Internet notebook about my work: deep listening to facilitate positive change


Saturday 28 April 2007

A smile from the toolkit

Or how to learn from a toolkit...?My father was a first violinist in the Symphony Orchestra of our town and a teacher at the local Conservatorium. He had studied with Carl Flesch and Oscar Back, both born in Hungary. And through a lineage of teachers – Joseph Marsick, Eugene Ysaye, Hubert Leonard, Henri Wieniaswki, Rodolphe Kreutzer, Giambatista Viotti - to name a few, he traced his basic knowledge and skills back to Giuseppe Tartini (1692-1770, picture). I was five when he started to teach me – my initiation into a lineage of communicators that I now pass on in quite a different way and quite a different context.

I studied the works of many of the lineage gurus and listened to the stories how they had explained difficult techniques. How to make a beautiful tone, how to catch the attention of the audience, how to change their mood. Stories how many hardships they had endured, how they had overcome difficulties in their practice. But also about their travels and adventures. Many stories were about how later in their career they had learned from the concerts of famous violinists they attended: Fritz Kreisler, Joseph Joachim, Nicolo Paganini, etc.

I experienced that 80% of my education was just practicing with my nose into the violin, my eyes on the notes of the Cevcik, Mazas or Kreutzer Studies, my mind controlling fingers and arms and my ears trying to catch a wrong note. 20% was demonstrating my progress in front of the teacher and listening to his instructions, comments or demonstrations. How nice if he played the same difficult study with me and the sound of the two violins camouflaged my own shortcomings. Then comes playing with other students, imitating them, competing with them.

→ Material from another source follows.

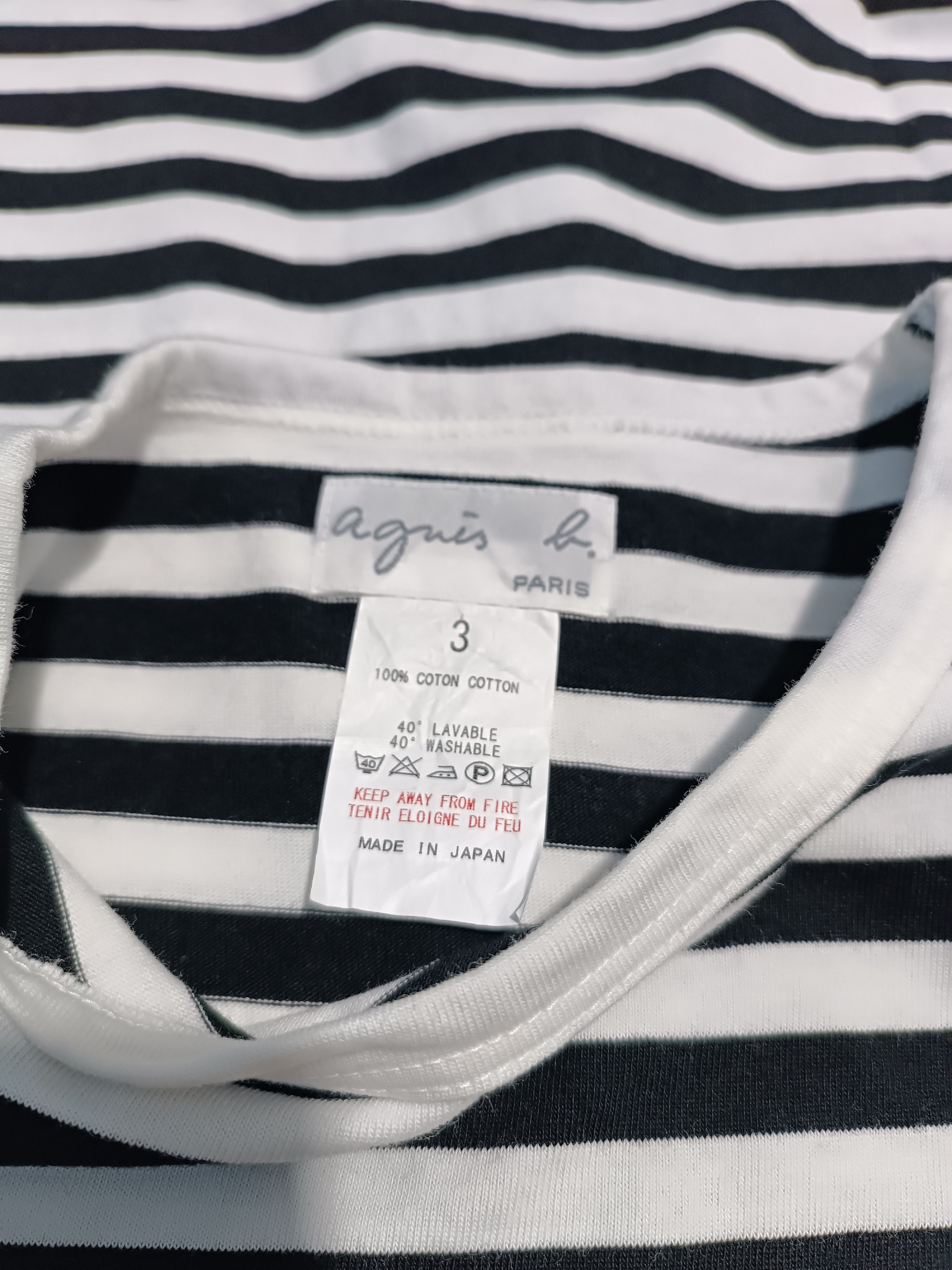 agnes b. Agnes B Paris Stripes Long Sleeve T-shirt Size US M / EU 48-50 / 2 - 8 Thumbnail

My interest in communication and learning goes back to these years I learned to play the violin. I know now that to begin with you need the sparkle in the eye of your teacher. You need his encouragement, his admonishments, his inspiration. Once formal education has set you on your way and you practice hard, informal education starts adding value. Peer exchange. New books. New experiences. Lifelong learning. In this process, I learned, a smile is an indicator of success.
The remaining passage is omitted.